In order to use this class it has to be subclassed and the method _maximize must be implemented.
- Parameters:
configspace (ConfigurationSpace) –
acquisition_function (AbstractAcquisitionFunction) –
challengers (int, defaults to 5000) – Number of configurations to sample from the configuration space to get the acquisition function value for, thus challenging the current incumbent and becoming a candidate for the next function evaluation.
seed (int, defaults to 0) –
- property acquisition_function: AbstractAcquisitionFunction | None¶
The acquisition function used for maximization.
- maximize(previous_configs, n_points=None, random_design=None)[source]¶
Maximize acquisition function using _maximize, implemented by a subclass.
- Parameters:
previous_configs (list[Configuration]) – Previous evaluated configurations.

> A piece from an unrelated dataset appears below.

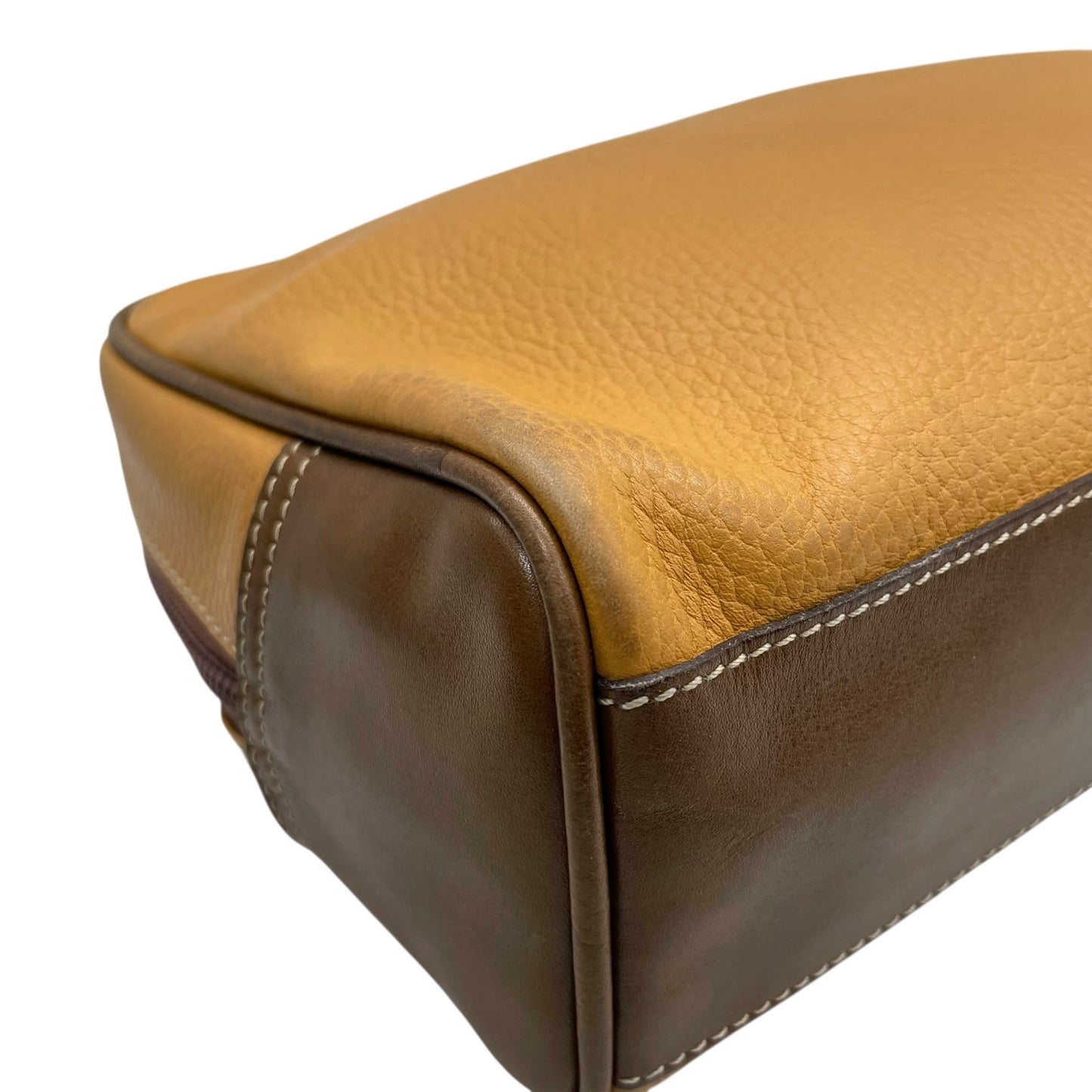 LOEWE ロエベ アナグラム レザー クラッチバッグ ベージュ ブラウン ゴールド金具 セカンドバッグ メンズ レディース ヴィンテージ K7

n_points (int, defaults to None) – Number of points to be sampled. If n_points is not specified, self._challengers is used.
random_design (AbstractRandomDesign, defaults to None) – Part of the returned ChallengerList such that we can interleave random configurations by a scheme defined by the random design. The method random_design.next_iteration() is called at the end of this function.
- Returns:
challengers – An iterable consisting of configurations.
- Return type:
Iterator[Configuration]
- property meta: dict[str, Any]¶
Return the meta-data of the created object.